MULTINATIONALS HAVE INCREASING POWER OVER NATIONS

ROBERT REICH BLOG


  • Lessons from the World of Tax Avoidance: How Nations Can Negotiate With Global Capital


    SUNDAY, MAY 26, 2013
    A Senate report criticises Apple for shifting billions of dollars in profits into Irish affiliates where its tax rate is less than 2%, yet a growing chorus of senators and representatives call for lower corporate taxes in order to make the US more competitive. The American public wants to close tax loopholes and shelters used by the wealthy to avoid paying taxes, yet the loopholes and shelters remain in place.
    The same disconnect is breaking out all over the world. The chairman of a British parliamentary committee investigating Google for tax avoidance calls the firm “devious, calculating, and unethical,” yet British officials court the firm’s CEO as if he were royalty.
    Prime Minister David Cameron urges tax havens to mend their ways and vows to crack down on tax cheats, yet argues taxes must be low in the UK because “we’ve got to encourage investment, we’ve got to encourage jobs and I want Britain to be a winner in the global race”.
    These apparent contradictions are rooted in the same reality: global capital, in the form of multinational corporations as well as very wealthy individuals, is gaining enormous bargaining power over nation states.
    Global companies are not interested in raising living standards in a particular country or improving any nation’s competitiveness. Their singular goal is to maximise returns to their investors. “We don’t have an obligation to solve America’s problems,” said an Apple executive last year. “Our only obligation is making the best product possible” (he might have added “in order to make as much money as possible”).
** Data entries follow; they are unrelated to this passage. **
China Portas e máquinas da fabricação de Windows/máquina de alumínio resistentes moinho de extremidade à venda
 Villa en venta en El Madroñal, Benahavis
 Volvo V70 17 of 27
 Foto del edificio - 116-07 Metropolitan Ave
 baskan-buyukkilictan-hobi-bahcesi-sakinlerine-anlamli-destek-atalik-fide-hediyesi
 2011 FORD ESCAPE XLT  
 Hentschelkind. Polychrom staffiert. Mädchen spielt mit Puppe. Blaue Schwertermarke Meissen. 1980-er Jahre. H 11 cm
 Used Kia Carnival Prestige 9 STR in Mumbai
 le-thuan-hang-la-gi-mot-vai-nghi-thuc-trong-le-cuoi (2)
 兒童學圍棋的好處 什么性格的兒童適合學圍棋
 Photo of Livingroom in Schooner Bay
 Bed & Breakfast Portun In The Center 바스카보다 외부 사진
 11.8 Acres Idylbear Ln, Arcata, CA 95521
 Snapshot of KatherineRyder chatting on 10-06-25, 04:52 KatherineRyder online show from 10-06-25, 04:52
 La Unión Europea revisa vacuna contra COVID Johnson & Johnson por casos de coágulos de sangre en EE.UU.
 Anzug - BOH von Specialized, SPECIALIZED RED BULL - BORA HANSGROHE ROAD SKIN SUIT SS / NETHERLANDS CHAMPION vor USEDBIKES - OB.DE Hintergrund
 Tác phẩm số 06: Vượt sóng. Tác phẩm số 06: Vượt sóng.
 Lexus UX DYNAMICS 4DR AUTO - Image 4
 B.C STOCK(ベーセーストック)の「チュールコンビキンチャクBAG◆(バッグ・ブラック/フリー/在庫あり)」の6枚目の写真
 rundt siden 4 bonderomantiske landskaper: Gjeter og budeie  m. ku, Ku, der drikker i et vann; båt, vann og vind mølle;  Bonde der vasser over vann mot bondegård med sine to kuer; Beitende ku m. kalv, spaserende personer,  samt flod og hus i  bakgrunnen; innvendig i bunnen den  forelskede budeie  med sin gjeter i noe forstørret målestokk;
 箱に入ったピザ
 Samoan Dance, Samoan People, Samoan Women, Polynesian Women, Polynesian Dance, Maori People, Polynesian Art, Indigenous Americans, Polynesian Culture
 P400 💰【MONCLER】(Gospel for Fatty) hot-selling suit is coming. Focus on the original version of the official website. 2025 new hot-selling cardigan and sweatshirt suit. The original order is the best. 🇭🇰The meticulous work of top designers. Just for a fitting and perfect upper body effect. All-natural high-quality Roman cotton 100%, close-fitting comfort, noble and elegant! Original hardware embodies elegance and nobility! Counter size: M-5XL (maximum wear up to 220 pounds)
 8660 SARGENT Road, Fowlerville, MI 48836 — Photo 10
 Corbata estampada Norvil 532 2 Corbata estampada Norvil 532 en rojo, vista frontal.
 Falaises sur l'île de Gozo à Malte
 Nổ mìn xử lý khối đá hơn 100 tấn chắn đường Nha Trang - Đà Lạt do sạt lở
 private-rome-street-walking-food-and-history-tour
Likewise, the wealth of rich individuals flows all over the world in search of the highest returns and lowest taxes.
    Such single-mindedness is abetted by a new wave of technologies, represented by the likes of Google, Apple, Amazon and other new tech behemoths: advanced software applications combined with enormous computing power, all available on the internet in such a way as to enable users to shift resources almost anywhere on earth at the speed of an electronic impulse.
    Not only does money move immediately to wherever it can summon the highest return and be subject to the least tax, but jobs can be dispatched almost as quickly to wherever workers get the lowest wages for the most output.
    Yet such technologies are simultaneously making nations ever more dependent on global capital, as “brick and mortar” investments in plant and equipment (requiring commitment to a particular geographic location) are replaced by intellectual capital and portfolio investments that are essentially rootless.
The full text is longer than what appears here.